Climate Change Isn’t Just Frying the Planet—
It’s Fraying Our Nerves
www.motherjones.com/…
Forty percent of Americans reported hearing about climate change in the media at least once a month in 2015, and about half said they were worried about the topic that year, making it “a powerful environmental stressor,” according to a 2016 federal report. And that’s not the only way global warming causes psychological problems: A recent report from the American Psychological Association and Washington-based nonprofit ecoAmerica details some of the effects of natural disasters on mental health, including social disruption, depression, post-traumatic stress disorder, and suicide. Researchsuggests that heat waves affect our neural regulation, weakening our ability to regulate our emotions, and that people are more aggressive and less empathetic during warm periods.

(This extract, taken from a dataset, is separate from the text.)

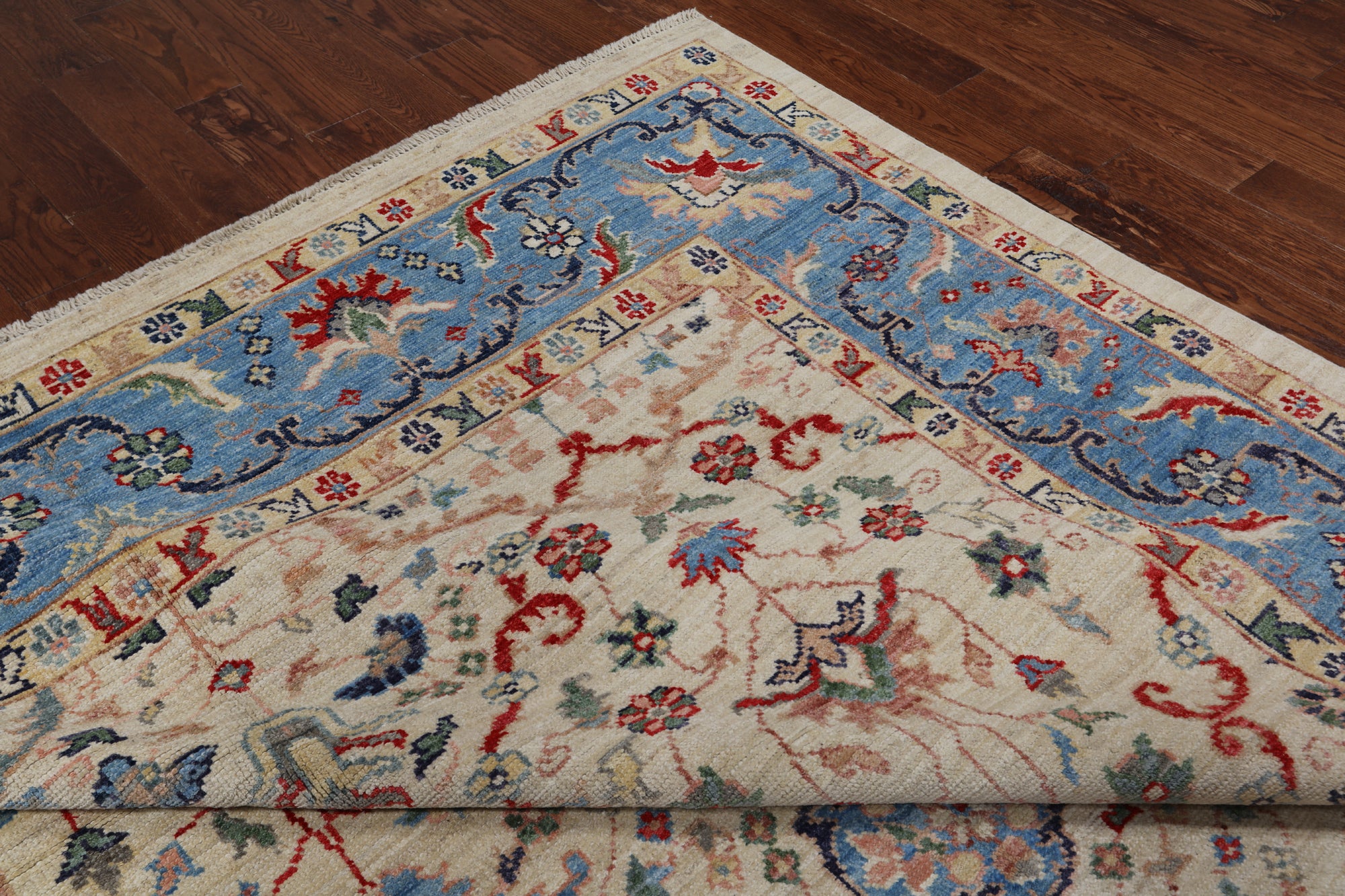 Ivory Turkish Oushak Hand Knotted Wool On Wool Rug - 8' 11" X 12' 2"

As Stanford University researcher Sanjay Basu put it to me, “We kind of lose our cool.”
Indeed, evidence suggests a connection between rising temperatures and suicide. A study published in July by researchers from California, Canada, and Chile found that as temperatures climbed over the course of decades in the United States and Mexico, so did suicide rates—by 0.7 percent and 2.1 percent, respectively. In Finland, more than 250 years of data show that temperature variability accounted for more than 60 percent of suicide variance. Poring over historical records, researchers found that positive correlations existed between temperatures and suicide rates from 1751 (when statistical authorities began documenting suicides in the country) until 1990, when a national suicide prevention program was put into place. Meanwhile, in Greece, male suicide rates correlate more significantly with temperature than with unemployment, even as the country’s unemployment rate has ballooned over the last 10 years. Indeed, climatic variables are consistently a better predictor of suicide than socioeconomic factors, according to a 2016 study of 29 European countries over a 13-year period. “Since meteorological variables seem to have an impact on mental health, there are concerns that climate change could lead to an increase in the rates of mental disorders and especially addictions and suicide rates,” the authors wrote.

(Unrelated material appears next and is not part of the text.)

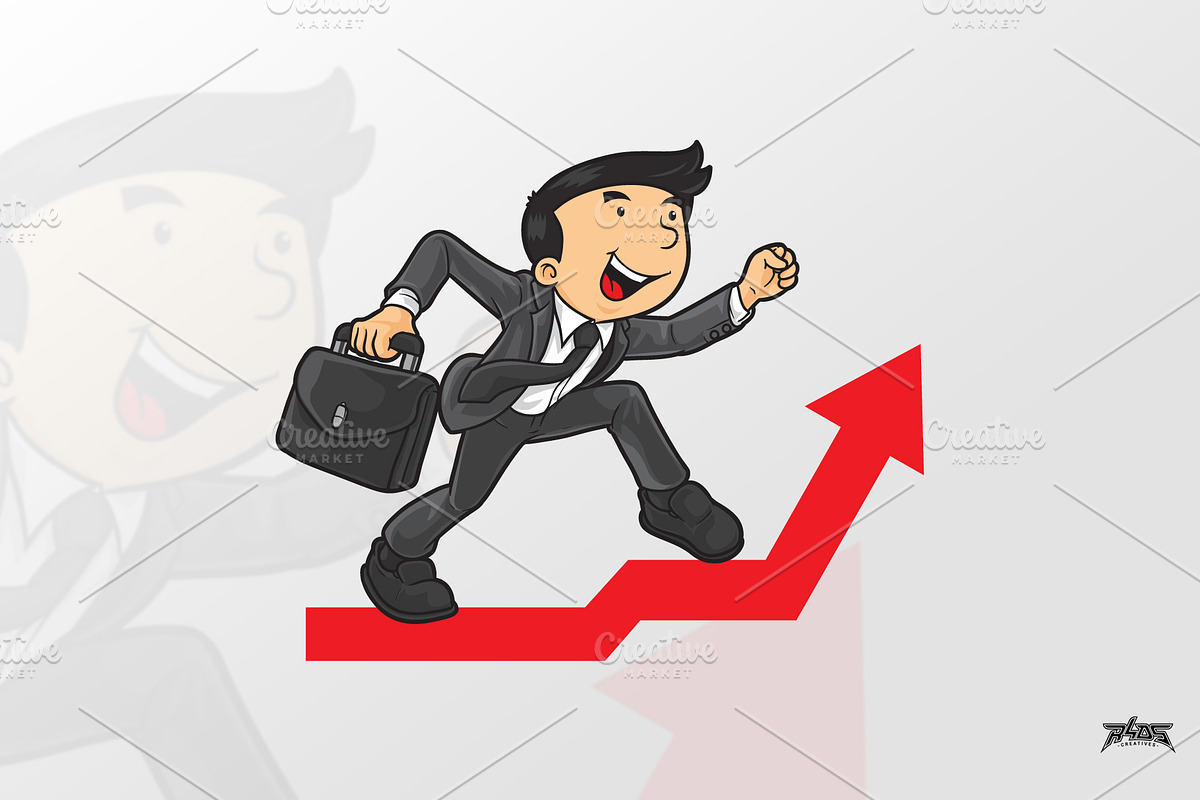 Businessman Cartoon Arrow Up in Illustrations - product preview 8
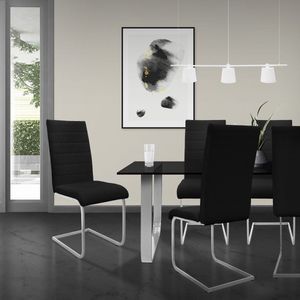 Set van 6 eetkamerstoelen slede met rugleuning zwart kunstleer bekleding ML-Design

Clive Thompson on How the Next Victim of Climate Change Will Be Our Minds
"solastalgia"
"Everyone's worrying about resource management and the spooky, unpredictable changes in the ecosystem. We fret over which areas will get flooded as sea levels rise. We estimate the odds of wars over clean water, and we tally up the species — polar bears, whales, wading birds — that'll go extinct.
But we should also be concerned about the huge toll climate change will inflict on our mental health. In the modern, industrialized West, many of us have forgotten how deeply we rely on the stability of nature for our psychic well-being. In a world of cheap airfares, laptops, and the Internet, we proudly regard mobility as a sign of how advanced we are. Hey, we're nomadic hipster capitalists! We love change. Only losers get attached to their hometowns.

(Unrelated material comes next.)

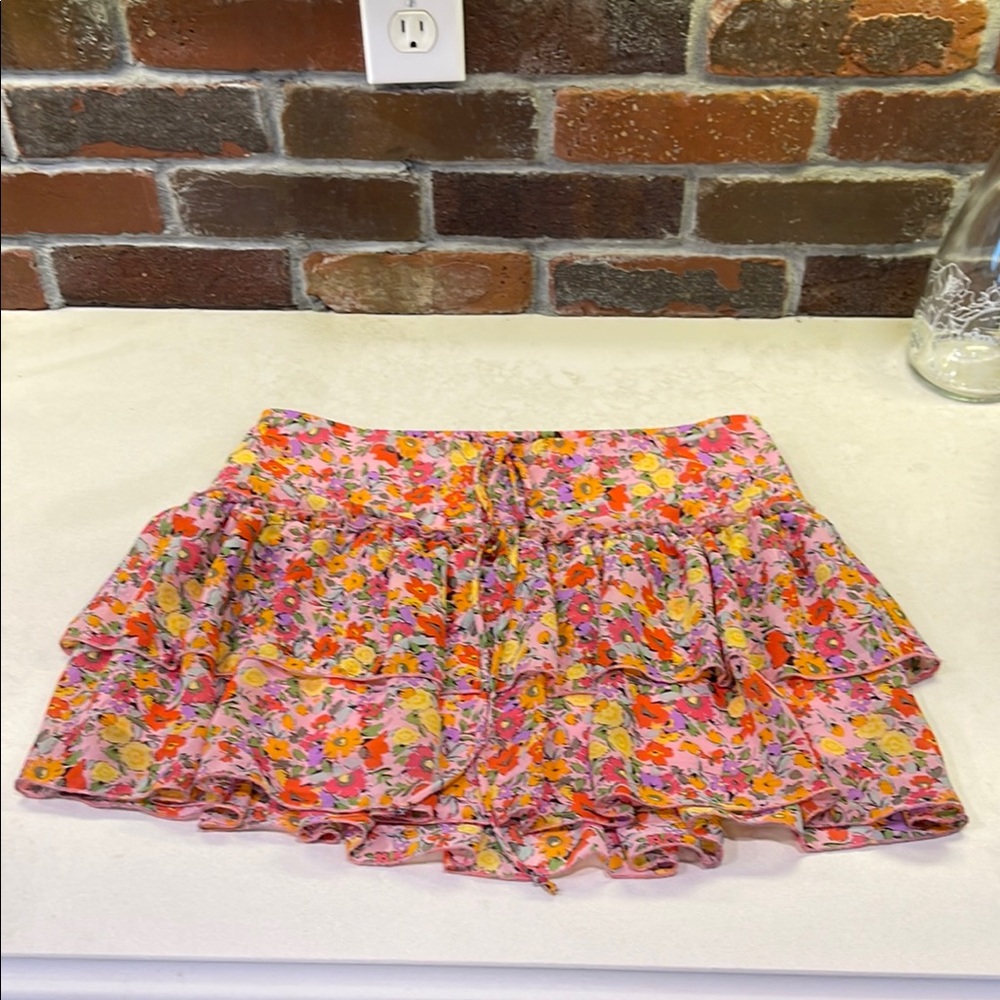 Floral Ruffle Mini Skirt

This is a neat mythos, but in truth it's a pretty natural human urge to identify with a place and build one's sense of self around its comforts and permanence. I live in Manhattan, where the globe-hopping denizens tend to go berserk if their favorite coffee shop closes down. How will they react in 20 or 30 years if the native trees can't handle the 5-degree spike in average temperature? Or if weird new bugs infest the city in summer, fall shrinks to a single month, and snow becomes a distant memory? "We like to think that we're cool, 21st-century people, but the basic sense of a connection to the land is still big," Albrecht says. "We haven't evolved that much.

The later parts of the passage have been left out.